Tuesday, April 7, 2009

Energy Bill Priorities pt 1: Climate Change

Even among environmentalists, conservation has a wide-array of goals and there has always been considerable debate on what steps to prioritize in the defense of the natural world. Now that we've got an energy bill in Congress, it's finally time to figure out some coherent objectives.

Climate change is all the rage today, yet it still evokes considerable controversy. In fact, in a recent Gallup poll, for the first time since being asked the question in 1984, more Americans say that economic growth takes precedence over environmental protection. As Teryn Norris, Project Director at the Breakthrough Institute, says: "In the midst of economic crisis, Americans are far more worried about keeping their jobs and paying their energy bills than they are about global warming."

However, many don't feel the need to draw a distinction...

Lester Brown, perhaps today's premier environmental spokesman and author of Plan B 3.0: Mobilizing to Save Civilization, has advocated a carbon tax:
The most efficient means of restructuring the energy economy to stabilize atmospheric CO2 levels is a carbon tax. Paid by the primary producers—the oil or coal companies—it would permeate the entire fossil fuel energy economy. The tax on coal would be almost double that on natural gas simply because coal has a much higher carbon content. As noted in Chapter 11, we propose a worldwide carbon tax of $240 per ton to be phased in at the rate of $20 per year between 2008 and 2020.
This is perhaps the most hardcore policy towards attacking climate change. It holds emitters accountable in dollar amounts proportional to their ecological perpetration. Don't spew the grime, if you can't pay the fine.

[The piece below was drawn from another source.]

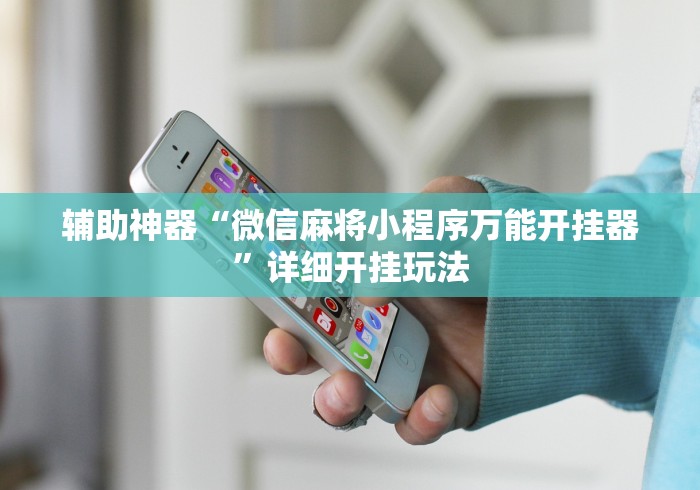 辅助神器“微信麻将小程序万能开挂器”详细开挂玩法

The most popular policy geared towards climate change is cap-and-trade. Earth Defense Fund's Fred Krupp discusses the vast benefits of such a program, particuarly as opposed to a carbon tax:
We can’t find an example of any air-pollution problem ever solved without a quantitative limit on the pollution that can be dumped into the air, and that’s what a cap is. It’s an enforceable guarantee to the public. Tax proposals don’t measure up [to binding emissions limits], so they don’t spur the innovations and the emissions reductions we need. Moreover, if a [carbon] tax proposal were to be taken seriously, the number of exemptions would be huge; consider our 17,000 page IRS code.
Admirably, the President has come out strong in prioritizing his own cap-and-trade program, which would decrease U.S. carbon emissions by 20% below the 2005 level by 2020 and 83% by 2050. Obama seeks to auction 100% of emission allowances generating about $150 billion in 10 years to be invested specifically in green jobs and technology. While the investment in energy is an integral part of his plan, the forefront of the cap-and-trade idea is climate change.

Several environmental experts as well as the Prez himself have prioritized attacking global warming, while certainly collecting revenue and stimulating the economy. The key is that the framing of such policies, "carbon tax" and "cap-and-trade" place climate change as paramount in our economic policy objectives, a noble goal and I think I speak for tree-huggers everywhere when I say...finally.